Valio dairy farms produce around 80 percent of Finnish milk. In Finland, Valio sources its milk from its owner farms, while in Estonia milk is sourced from local producers in accordance with defined quality requirements.

== Operations ==
Valio operates production plants in Finland and Estonia. All products manufactured for sale in Finland and for export are produced using Finnish milk at the company's 13 production plants. In Finland, the milk used in production is sourced from Valio’s Finnish owner‑entrepreneur farms, while in Estonia milk is sourced from partner producers whose quality is subject to ongoing monitoring. Valio subsidiaries operate in Sweden, China, and the United States. Valio exports its products to around 50 countries. Its exports include milk and whey powders and butter for the food and baby food industries, as well as consumer products.

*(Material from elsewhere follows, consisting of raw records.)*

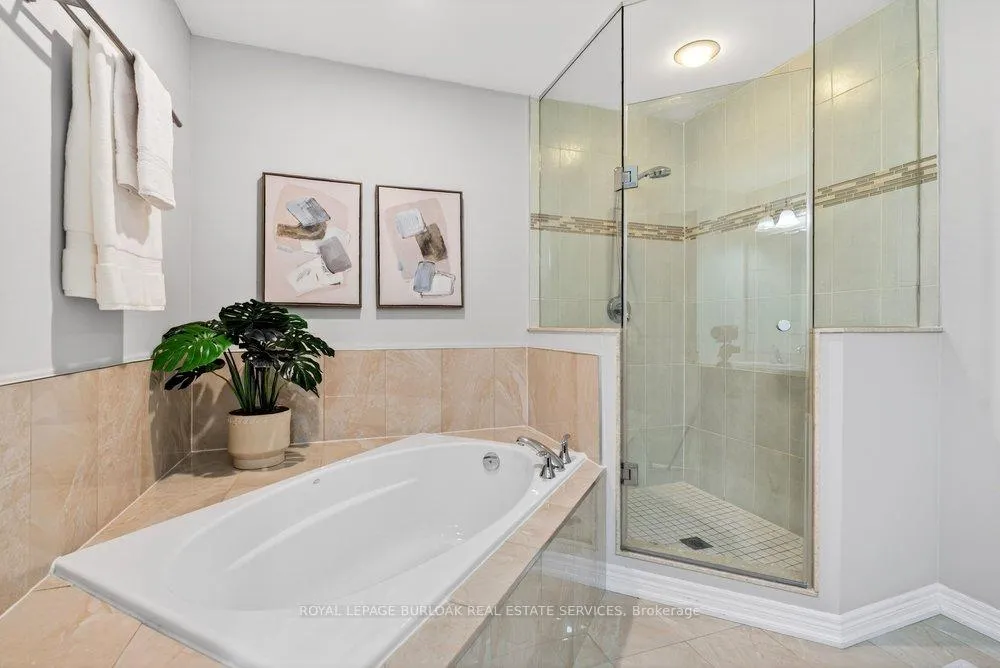 Photo 24 of 523 Terrace Way, Oakville, Sixteen Hollow — HOMEH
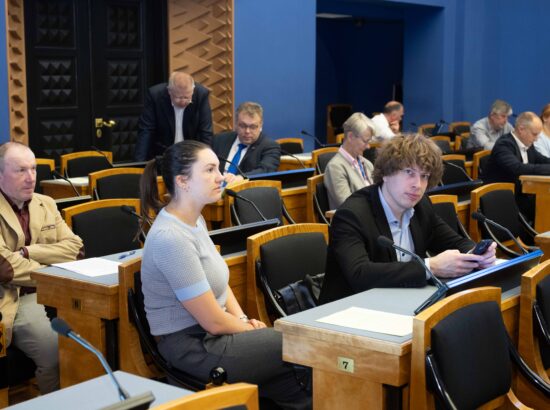 Olulise tähtsusega riikliku küsimuse „Laste kehalise aktiivsuse tõstmine vaimse ja füüsilise tervise parandamiseks“ arutelu
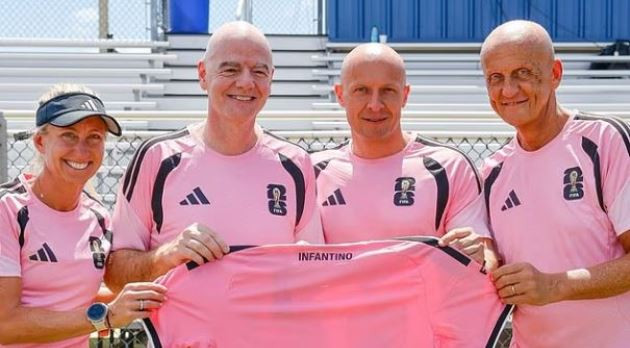 Chủ tịch FIFA Gianni Infantino lên tiếng bảo vệ đội ngũ trọng tài tại World Cup 2026.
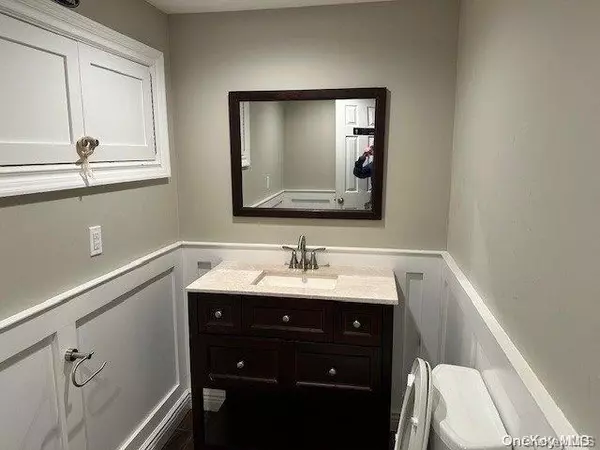 Northport, NY 11768,377 Fort Salonga RD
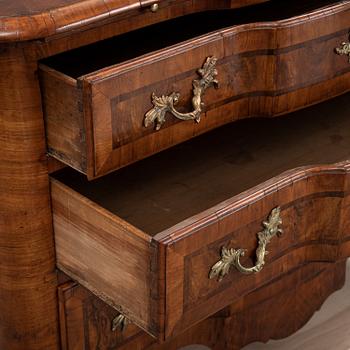 A first half of the 18th Century late Baroque chest of drawers.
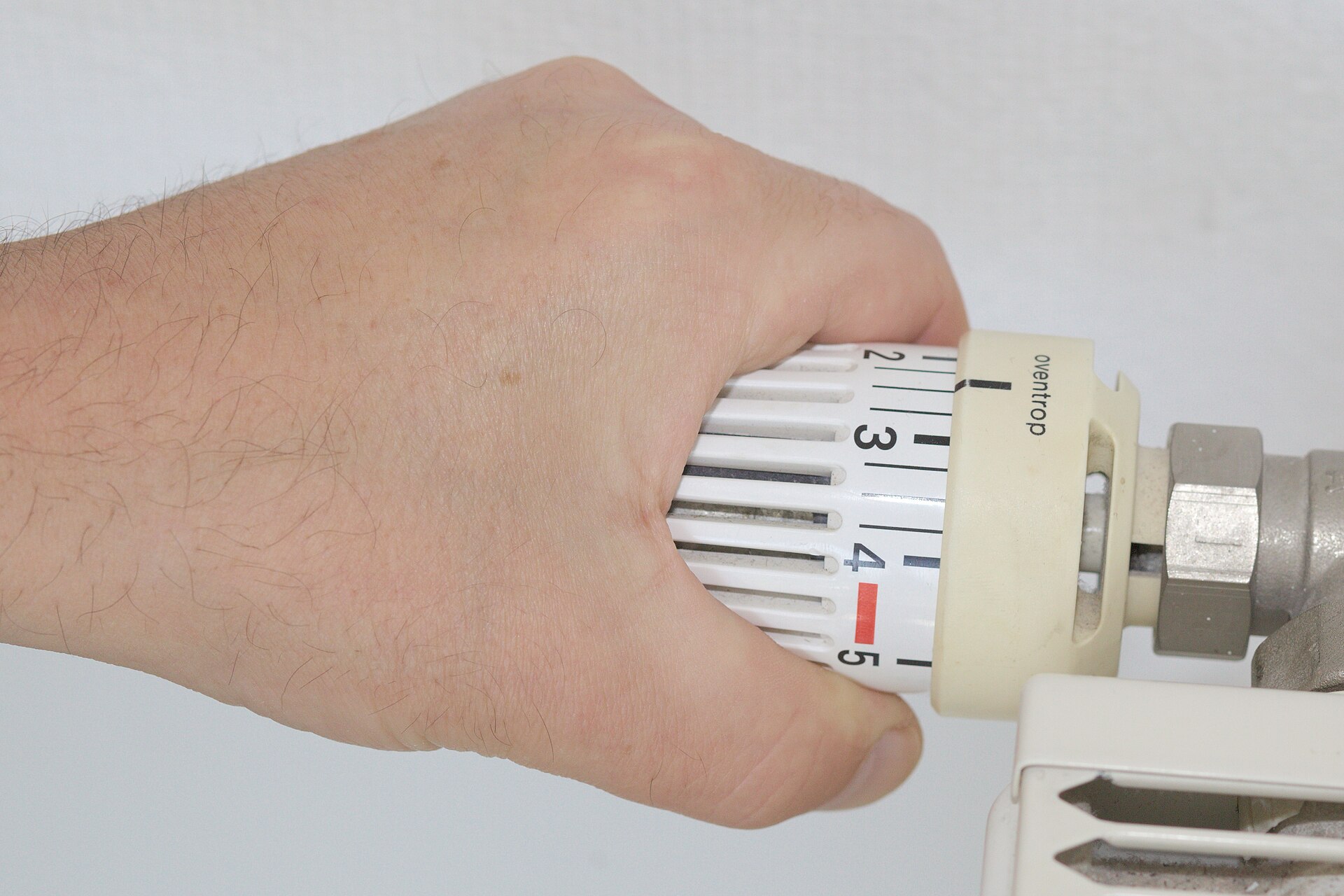 Illustrative photo for the heat & energy guide “How Much Does a Smart Thermostat Save in the UK? [2026]”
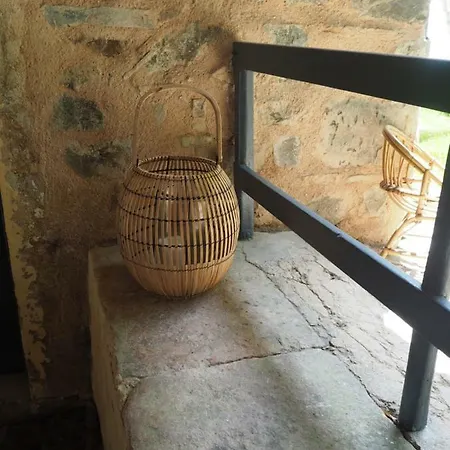 Le Chatel En Beaujolais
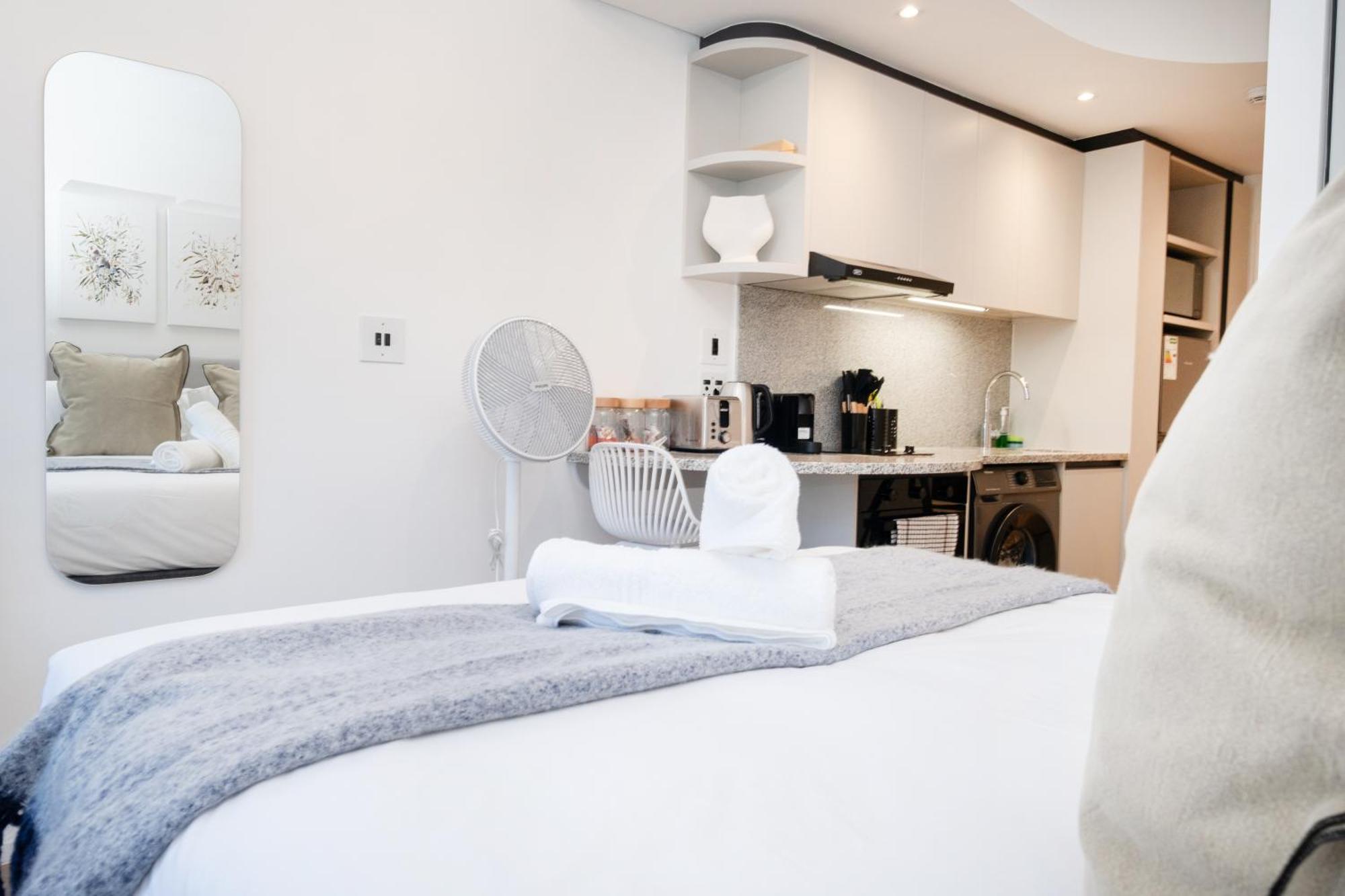 Apartment Zeeland Pier 707 - 7th Floor Near Cticc With Free Onsite Parking *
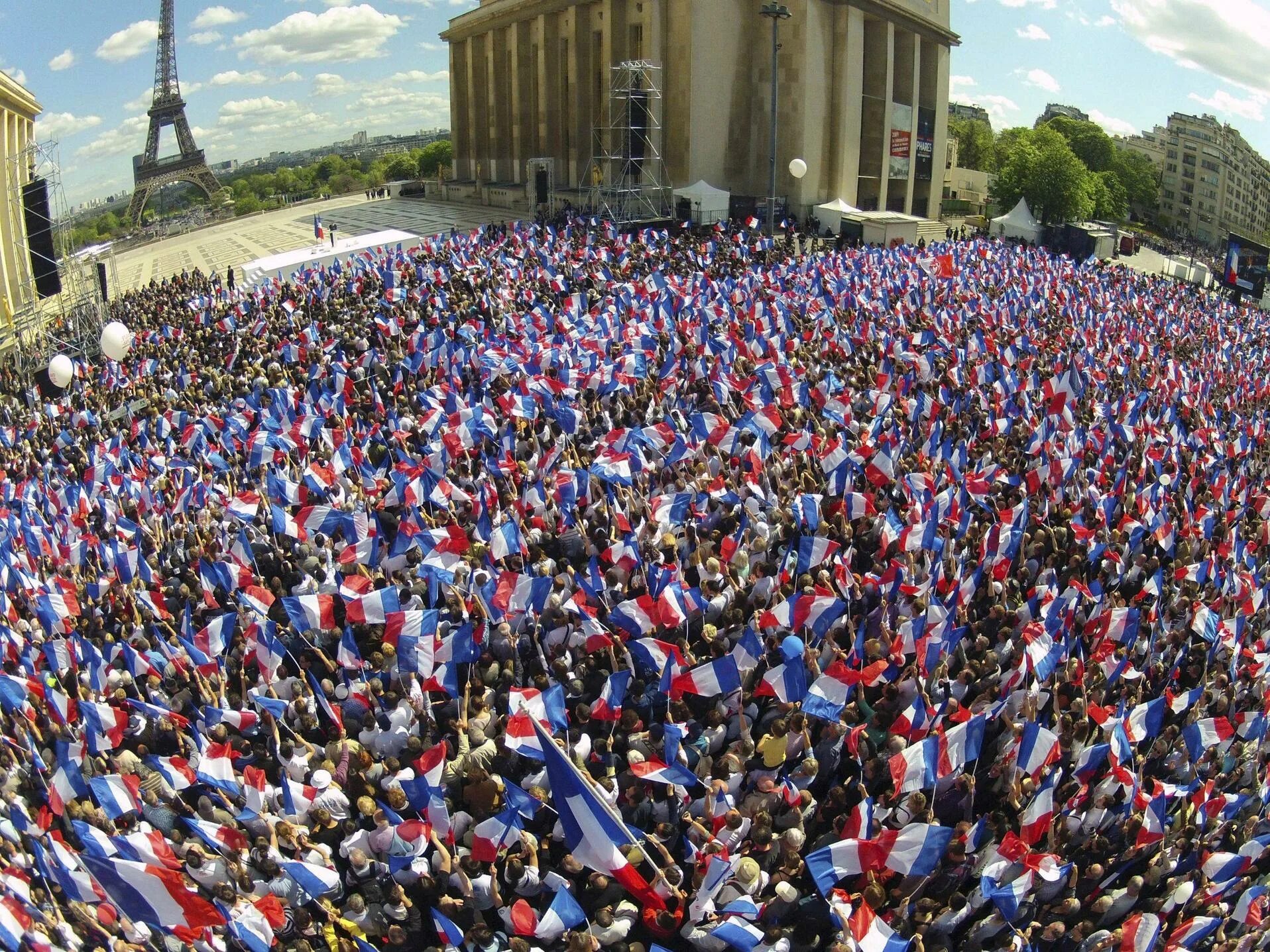 En french. 1 Мая во Франции праздник. Праздник труда во Франции. Празднование 1 мая во Франции. 1 Мая в Франция фестиваль.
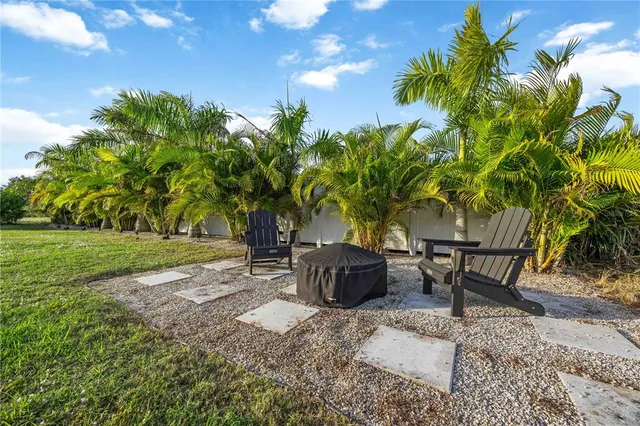 $699,900 | 8 Idle Court, Placida, FL 33946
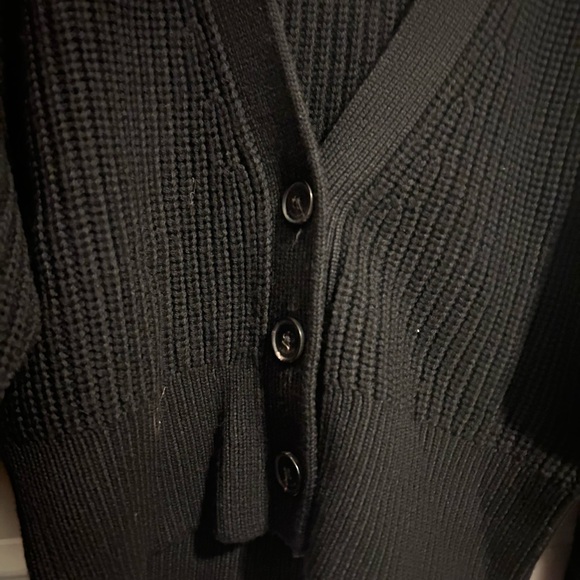 Aritzia (Babaton) Thick CableKnit Black Sweater - Picture 3 of 4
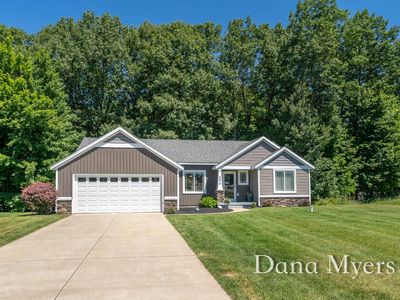 391 Green Ridge Dr SE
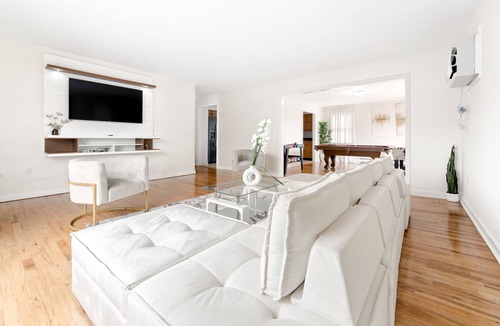 Southeast Yonkers House | Modern Luxury Home w GameRoom & Parking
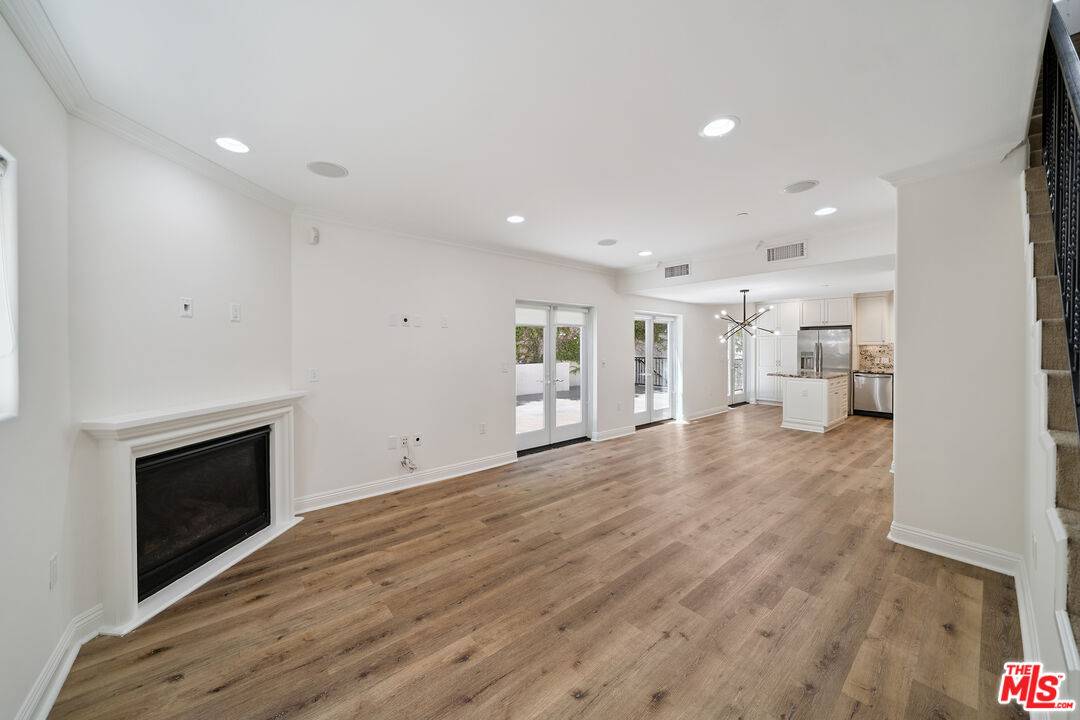 1529  S Beverly Dr. 3BR Beverlywood La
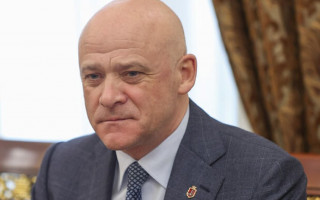 С центральных улиц Одессы убрали фортификационные сооружения: Труханов назвал причину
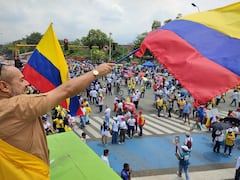 Este miércoles 1 de mayo se conmemora el Día Internacional del Trabajo en Colombia, por medio de una jornada en la que es habitual que los trabajadores, sindicatos y centrales obreras salgan a las calles de las principales ciudades del país como Cali. El gobierno del presidente Gustavo Petro ha aprovechado esta ocasión para convocar manifestaciones que demuestren apoyo hacia su administración y todas las reformas sociales que viene adelantando en el Congreso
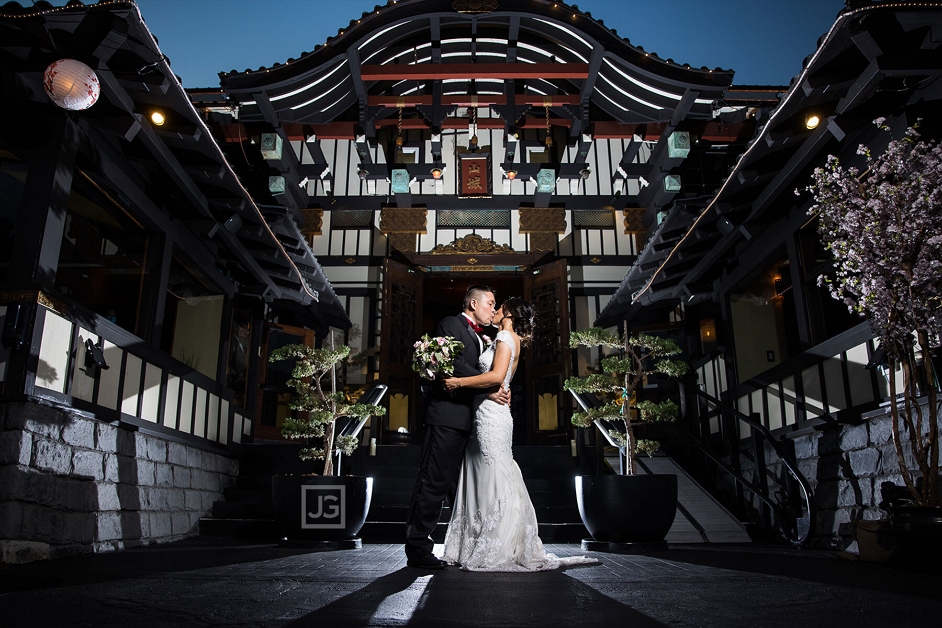 YamashiroLA's tweet photo. That #PerfectKiss:Spend your special day with us and book your upcoming wedding at Yamashiro Hollywood! #EngagementLocation #EventSpace #FilmingVenue #MeetingVenue #PartySpace #WeddingLocation https://t.co/QnEDXtPqZ8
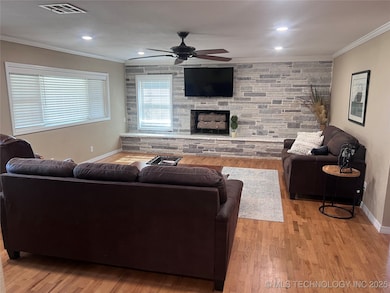 203 NE H St, Stigler, OK 74462 - photo 5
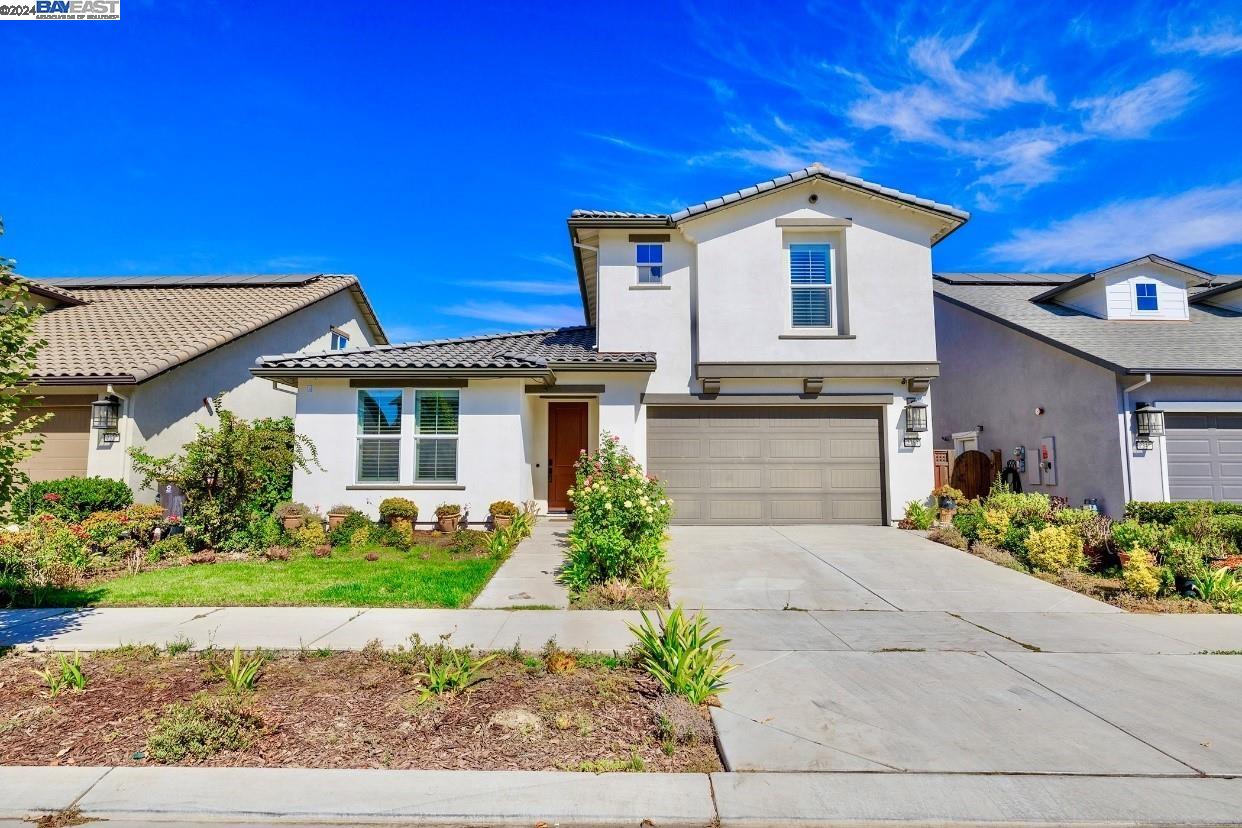 Detail Gallery Image 1 of 31 For 2363 Mozart Ave, Lathrop,  CA 95330 - 4 Beds | 3 Baths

Valio’s innovation activity has been influenced by scientific research, including the work of Nobel Prize–winning chemist Artturi Ilmari Virtanen, who previously led the company’s laboratory. The company continues to emphasize product development and technological innovation and holds more than 300 patents worldwide.

== Sustainability ==
Valio states that responsibility for the environment, the economy, people, and society is integrated into its operations. According to the company, the cornerstones of its sustainability approach include the cooperative ownership model, animal welfare, and sustainable milk production. Valio has outlined efforts aimed at reducing the environmental and climate impacts of food production, including emission reductions, the expansion of carbon sinks, the promotion of biodiversity, and the development of circular economy solutions.

Animal welfare is described by the company as a central element of its operations. Valio has indicated a focus on animal health, living conditions, and nutrition at Valio dairy farms. Responsible operations at Valio also include food safety, resource‑efficient production, and packaging development. According to the company, packaging is designed to protect product safety and shelf life while keeping environmental impacts as low as possible. Valio publishes an annual sustainability report covering environmental, social, and animal‑welfare‑related topics.